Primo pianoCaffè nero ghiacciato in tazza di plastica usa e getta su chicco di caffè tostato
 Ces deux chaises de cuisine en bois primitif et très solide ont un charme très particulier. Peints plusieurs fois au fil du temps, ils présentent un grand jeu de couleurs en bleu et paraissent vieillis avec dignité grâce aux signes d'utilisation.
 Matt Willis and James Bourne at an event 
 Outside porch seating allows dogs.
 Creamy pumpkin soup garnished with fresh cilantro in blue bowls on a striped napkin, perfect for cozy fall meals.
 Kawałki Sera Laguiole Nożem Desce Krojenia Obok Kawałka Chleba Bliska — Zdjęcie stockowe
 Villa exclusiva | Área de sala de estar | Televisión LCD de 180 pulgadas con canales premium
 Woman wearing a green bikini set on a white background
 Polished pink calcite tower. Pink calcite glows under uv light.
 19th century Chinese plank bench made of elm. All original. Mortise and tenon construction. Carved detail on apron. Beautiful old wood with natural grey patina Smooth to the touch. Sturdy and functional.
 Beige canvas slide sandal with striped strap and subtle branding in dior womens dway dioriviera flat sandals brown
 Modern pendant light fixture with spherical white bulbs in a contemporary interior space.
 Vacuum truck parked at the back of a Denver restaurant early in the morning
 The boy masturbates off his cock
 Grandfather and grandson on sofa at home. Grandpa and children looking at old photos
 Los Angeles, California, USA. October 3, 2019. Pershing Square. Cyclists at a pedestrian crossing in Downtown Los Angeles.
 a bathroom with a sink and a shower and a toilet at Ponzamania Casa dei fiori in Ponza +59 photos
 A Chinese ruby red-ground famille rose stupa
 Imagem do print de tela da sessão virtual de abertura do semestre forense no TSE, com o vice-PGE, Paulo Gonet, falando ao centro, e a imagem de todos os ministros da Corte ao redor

************

The lines of the data, from the first through the one containing "A Chinese ruby red-ground famille rose stupa", are to be transcribed exactly.

Primo pianoCaffè nero ghiacciato in tazza di plastica usa e getta su chicco di caffè tostato
 Ces deux chaises de cuisine en bois primitif et très solide ont un charme très particulier. Peints plusieurs fois au fil du temps, ils présentent un grand jeu de couleurs en bleu et paraissent vieillis avec dignité grâce aux signes d'utilisation.
 Matt Willis and James Bourne at an event 
 Outside porch seating allows dogs.
 Creamy pumpkin soup garnished with fresh cilantro in blue bowls on a striped napkin, perfect for cozy fall meals.
 Kawałki Sera Laguiole Nożem Desce Krojenia Obok Kawałka Chleba Bliska — Zdjęcie stockowe
 Villa exclusiva | Área de sala de estar | Televisión LCD de 180 pulgadas con canales premium
 Woman wearing a green bikini set on a white background
 Polished pink calcite tower. Pink calcite glows under uv light.
 19th century Chinese plank bench made of elm. All original. Mortise and tenon construction. Carved detail on apron. Beautiful old wood with natural grey patina Smooth to the touch. Sturdy and functional.
 Beige canvas slide sandal with striped strap and subtle branding in dior womens dway dioriviera flat sandals brown
 Modern pendant light fixture with spherical white bulbs in a contemporary interior space.
 Vacuum truck parked at the back of a Denver restaurant early in the morning
 The boy masturbates off his cock
 Grandfather and grandson on sofa at home. Grandpa and children looking at old photos
 Los Angeles, California, USA. October 3, 2019. Pershing Square. Cyclists at a pedestrian crossing in Downtown Los Angeles.
 a bathroom with a sink and a shower and a toilet at Ponzamania Casa dei fiori in Ponza +59 photos
 A Chinese ruby red-ground famille rose stupa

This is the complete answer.